Required work. Write out the material in full, matching each line exactly.

*** Material to process ***

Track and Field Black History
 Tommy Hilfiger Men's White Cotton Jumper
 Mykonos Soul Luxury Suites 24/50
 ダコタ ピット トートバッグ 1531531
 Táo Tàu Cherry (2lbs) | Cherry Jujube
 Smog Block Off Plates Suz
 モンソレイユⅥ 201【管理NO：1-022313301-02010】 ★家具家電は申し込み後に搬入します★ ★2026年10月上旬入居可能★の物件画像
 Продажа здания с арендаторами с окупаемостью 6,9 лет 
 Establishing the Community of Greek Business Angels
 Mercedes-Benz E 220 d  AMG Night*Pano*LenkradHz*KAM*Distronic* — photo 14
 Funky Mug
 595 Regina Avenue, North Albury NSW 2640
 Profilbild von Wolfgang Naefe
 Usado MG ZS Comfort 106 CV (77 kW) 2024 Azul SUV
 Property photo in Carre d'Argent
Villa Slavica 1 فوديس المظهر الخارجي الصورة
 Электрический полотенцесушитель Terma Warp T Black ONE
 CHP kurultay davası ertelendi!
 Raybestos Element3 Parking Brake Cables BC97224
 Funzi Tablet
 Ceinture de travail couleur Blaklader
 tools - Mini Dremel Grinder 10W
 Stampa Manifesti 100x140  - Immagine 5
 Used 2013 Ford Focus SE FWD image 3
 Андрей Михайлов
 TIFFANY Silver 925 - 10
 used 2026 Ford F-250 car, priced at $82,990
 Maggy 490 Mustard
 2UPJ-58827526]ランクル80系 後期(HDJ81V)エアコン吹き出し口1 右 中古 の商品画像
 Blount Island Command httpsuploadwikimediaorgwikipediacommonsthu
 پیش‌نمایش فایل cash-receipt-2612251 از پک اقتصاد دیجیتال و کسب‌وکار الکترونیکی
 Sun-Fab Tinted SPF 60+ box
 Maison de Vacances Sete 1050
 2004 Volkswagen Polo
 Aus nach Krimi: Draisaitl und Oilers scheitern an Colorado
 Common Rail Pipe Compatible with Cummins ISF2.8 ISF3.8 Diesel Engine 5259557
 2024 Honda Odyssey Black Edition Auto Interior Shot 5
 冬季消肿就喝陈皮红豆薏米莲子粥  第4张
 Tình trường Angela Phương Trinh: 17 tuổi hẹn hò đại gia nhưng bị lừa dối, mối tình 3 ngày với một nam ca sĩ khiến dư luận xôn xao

*** End of Material to process ***

Your response.
Track and Field Black History
 Tommy Hilfiger Men's White Cotton Jumper
 Mykonos Soul Luxury Suites 24/50
 ダコタ ピット トートバッグ 1531531
 Táo Tàu Cherry (2lbs) | Cherry Jujube
 Smog Block Off Plates Suz
 モンソレイユⅥ 201【管理NO：1-022313301-02010】 ★家具家電は申し込み後に搬入します★ ★2026年10月上旬入居可能★の物件画像
 Продажа здания с арендаторами с окупаемостью 6,9 лет 
 Establishing the Community of Greek Business Angels
 Mercedes-Benz E 220 d  AMG Night*Pano*LenkradHz*KAM*Distronic* — photo 14
 Funky Mug
 595 Regina Avenue, North Albury NSW 2640
 Profilbild von Wolfgang Naefe
 Usado MG ZS Comfort 106 CV (77 kW) 2024 Azul SUV
 Property photo in Carre d'Argent
Villa Slavica 1 فوديس المظهر الخارجي الصورة
 Электрический полотенцесушитель Terma Warp T Black ONE
 CHP kurultay davası ertelendi!
 Raybestos Element3 Parking Brake Cables BC97224
 Funzi Tablet
 Ceinture de travail couleur Blaklader
 tools - Mini Dremel Grinder 10W
 Stampa Manifesti 100x140  - Immagine 5
 Used 2013 Ford Focus SE FWD image 3
 Андрей Михайлов
 TIFFANY Silver 925 - 10
 used 2026 Ford F-250 car, priced at $82,990
 Maggy 490 Mustard
 2UPJ-58827526]ランクル80系 後期(HDJ81V)エアコン吹き出し口1 右 中古 の商品画像
 Blount Island Command httpsuploadwikimediaorgwikipediacommonsthu
 پیش‌نمایش فایل cash-receipt-2612251 از پک اقتصاد دیجیتال و کسب‌وکار الکترونیکی
 Sun-Fab Tinted SPF 60+ box
 Maison de Vacances Sete 1050
 2004 Volkswagen Polo
 Aus nach Krimi: Draisaitl und Oilers scheitern an Colorado
 Common Rail Pipe Compatible with Cummins ISF2.8 ISF3.8 Diesel Engine 5259557
 2024 Honda Odyssey Black Edition Auto Interior Shot 5
 冬季消肿就喝陈皮红豆薏米莲子粥  第4张
 Tình trường Angela Phương Trinh: 17 tuổi hẹn hò đại gia nhưng bị lừa dối, mối tình 3 ngày với một nam ca sĩ khiến dư luận xôn xao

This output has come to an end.